Try it: If an entry holds a picture, leave that picture out and reproduce everything else exactly.

Supplied records:
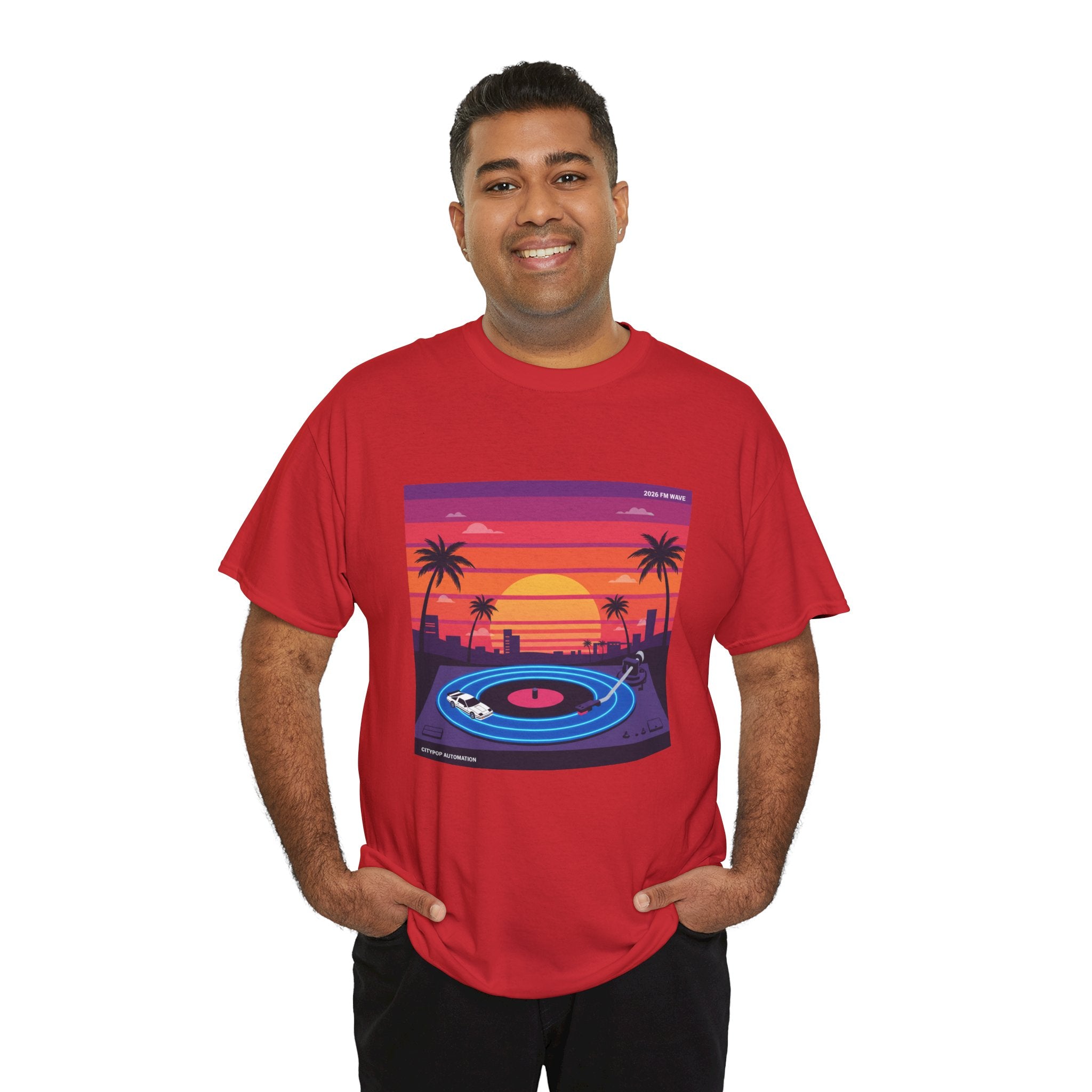 Sunset Vinyl Record T-Shirt — Retro Beachwave Music Tee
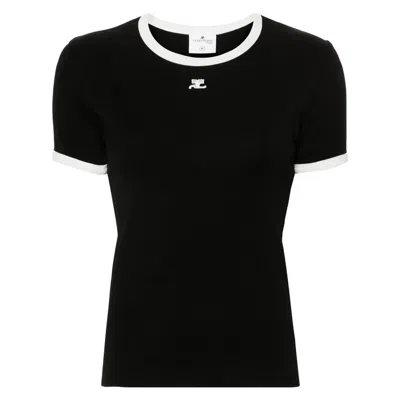 Courrèges Signature Contrast T-shirt In Black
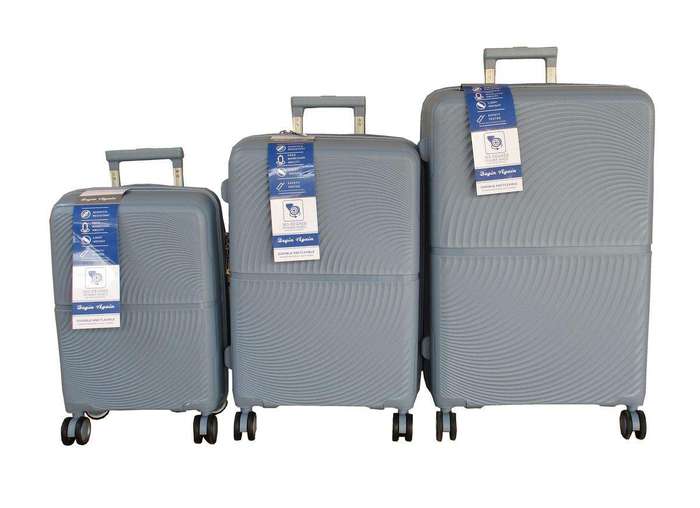 SMTE Unbreakable Travel Luggage 3 Piece Suitcases Spinner - Grey with keychain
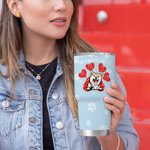 Personalized This Human Belongs To 30oz Tumbler with Pet Names Birthday Gift for Dog Cat Pet Lover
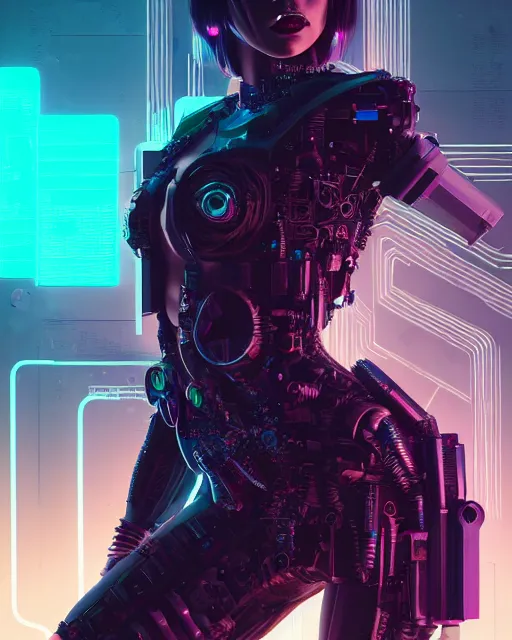 Image similar to portrait of agatha vega as a cyberpunk cyborg. sci - fi, missing panels, intricate abstract upper body intricate artwork, by tooth wu, wlop, beeple, dan mumford. concept art, octane render, deviantart, greg rutkowski, cinematic, key art, hyperrealism, iridescent accents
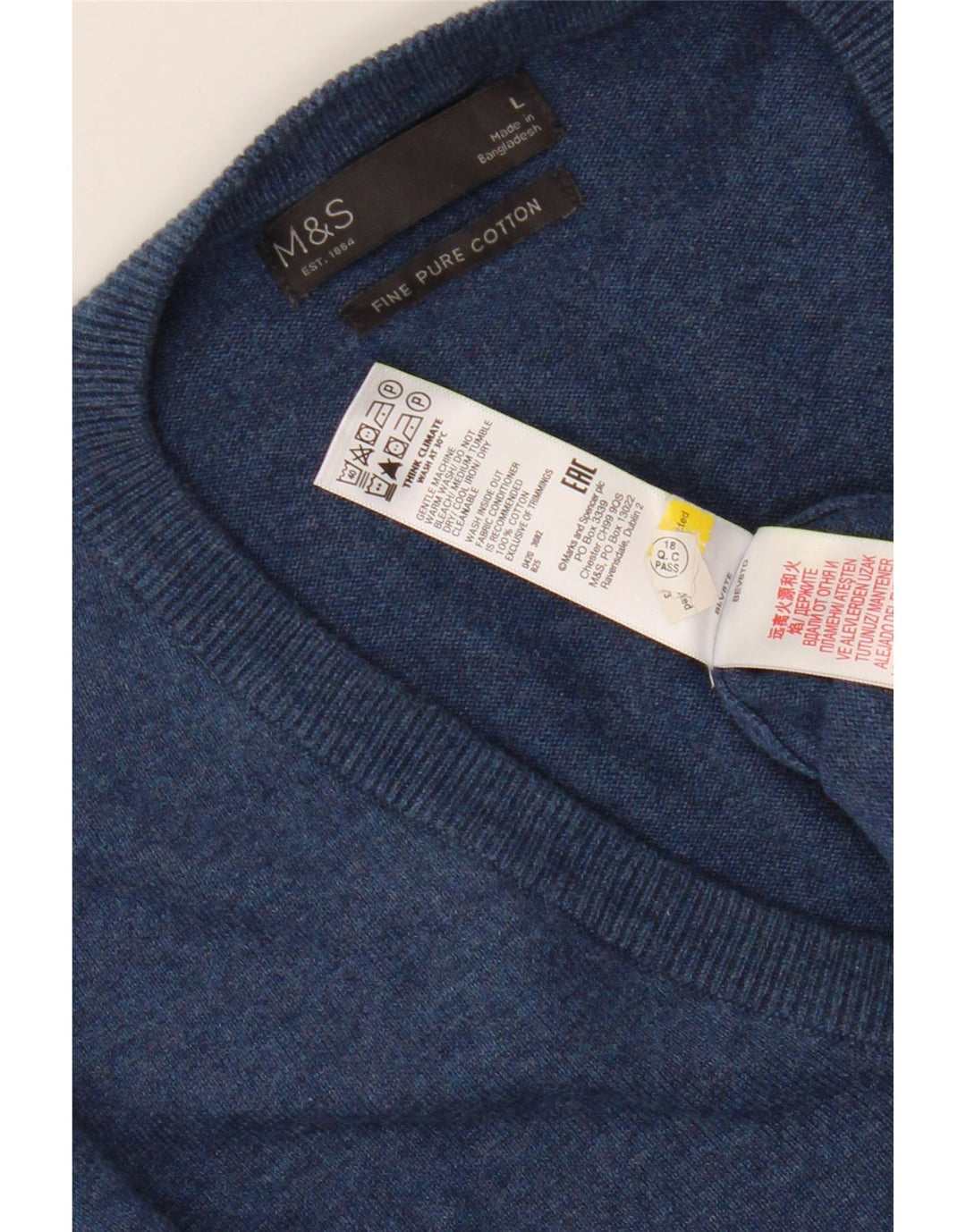 MARKS & SPENCER Herren-Pullover mit V-Ausschnitt, groß, marineblaue Baumwolle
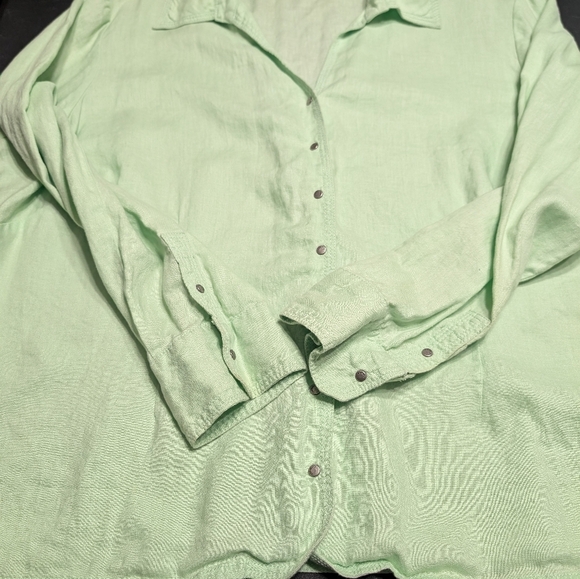 Relativity Pistachio Light Green 100% Linen Snap Button Down Shirt Size 2X - Picture 3 of 7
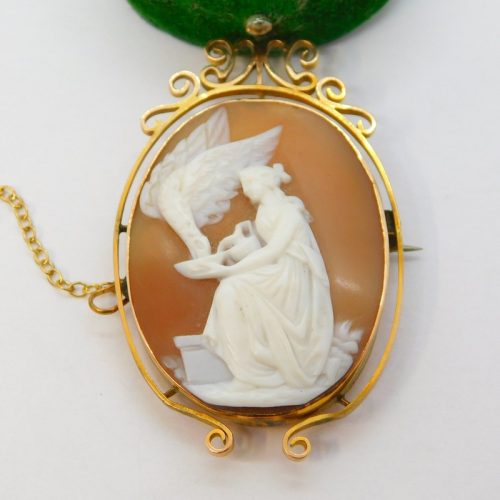 Victorian 9ct Gold Mounted Hebe & Eagle Shell Cameo Brooch Antique c1860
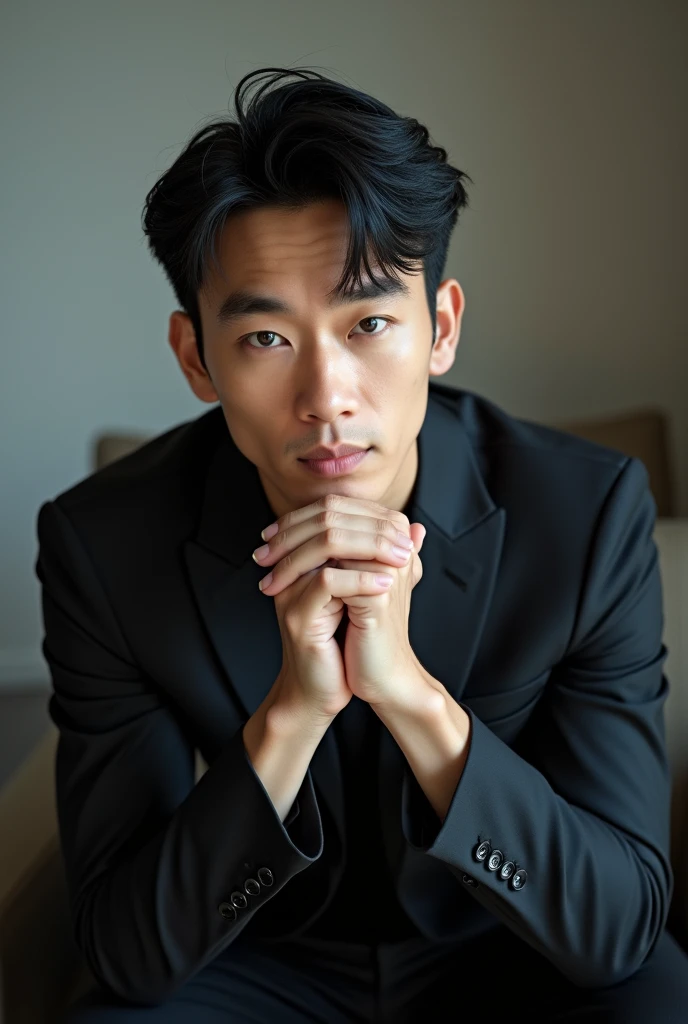 A slim but slightly muscular Japanese man in a suit, Photographed with a smartphone, Top quality, 1 beautiful men, Perfect Face, Japanese men, age 34, suit, ((center part hair)), short hair, black hair, ((oily hair)), Sitting in a chair, hands on chin, Posing like a magazine cover,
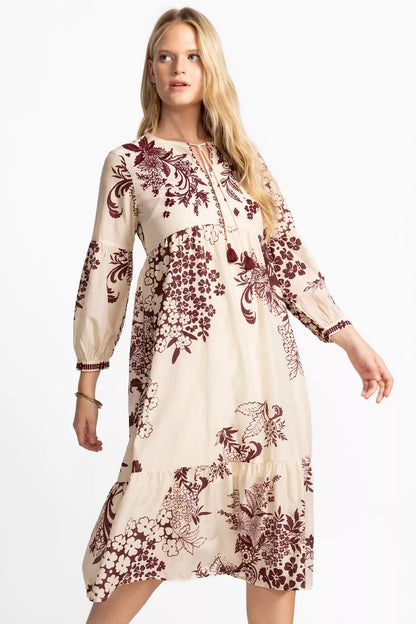 Johnny Was TIERED BISHOP SLEEVE DRESS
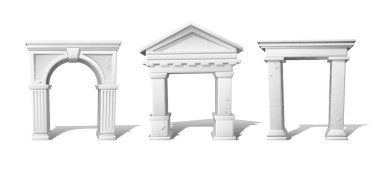 Vektör simgesi çizimi. Beyaz antika taş Yunan kemerleri. Oyunlar ve reklamlar için mimari öge.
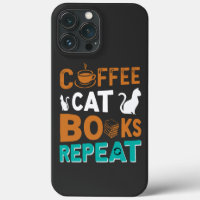 Coffee Cat Books Repeat, reading and coffee lovers
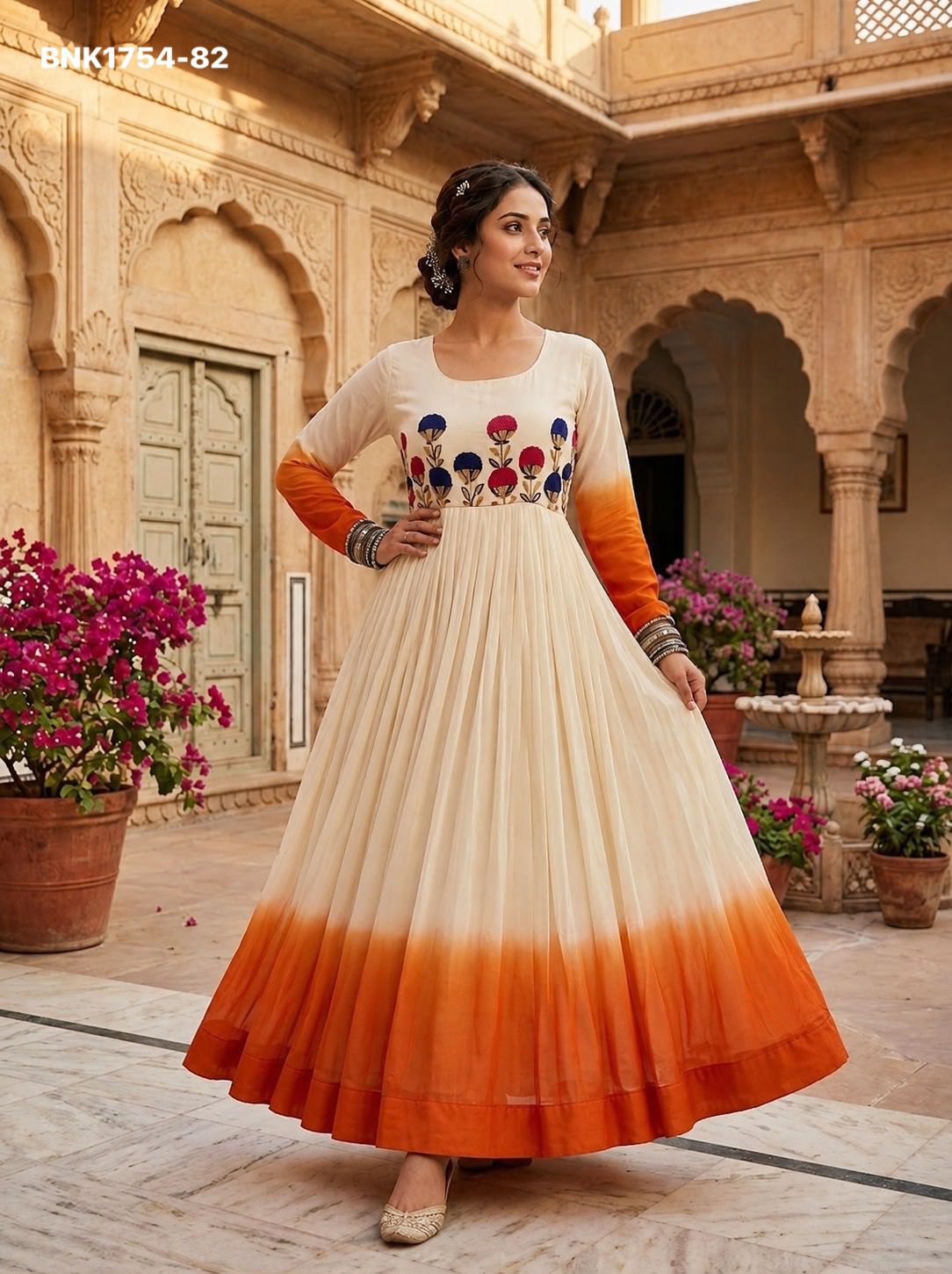 GOWN Star Georgette Pedding with Embroidery Woolen thread work-BNK1754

Completed task:
 Sunset Vinyl Record T-Shirt — Retro Beachwave Music Tee
 Courrèges Signature Contrast T-shirt In Black
 SMTE Unbreakable Travel Luggage 3 Piece Suitcases Spinner - Grey with keychain
 Personalized This Human Belongs To 30oz Tumbler with Pet Names Birthday Gift for Dog Cat Pet Lover
 Image similar to portrait of agatha vega as a cyberpunk cyborg. sci - fi, missing panels, intricate abstract upper body intricate artwork, by tooth wu, wlop, beeple, dan mumford. concept art, octane render, deviantart, greg rutkowski, cinematic, key art, hyperrealism, iridescent accents
 MARKS & SPENCER Herren-Pullover mit V-Ausschnitt, groß, marineblaue Baumwolle
 Relativity Pistachio Light Green 100% Linen Snap Button Down Shirt Size 2X - Picture 3 of 7
 Victorian 9ct Gold Mounted Hebe & Eagle Shell Cameo Brooch Antique c1860
 A slim but slightly muscular Japanese man in a suit, Photographed with a smartphone, Top quality, 1 beautiful men, Perfect Face, Japanese men, age 34, suit, ((center part hair)), short hair, black hair, ((oily hair)), Sitting in a chair, hands on chin, Posing like a magazine cover,
 Johnny Was TIERED BISHOP SLEEVE DRESS
 Vektör simgesi çizimi. Beyaz antika taş Yunan kemerleri. Oyunlar ve reklamlar için mimari öge.
 Coffee Cat Books Repeat, reading and coffee lovers
 GOWN Star Georgette Pedding with Embroidery Woolen thread work-BNK1754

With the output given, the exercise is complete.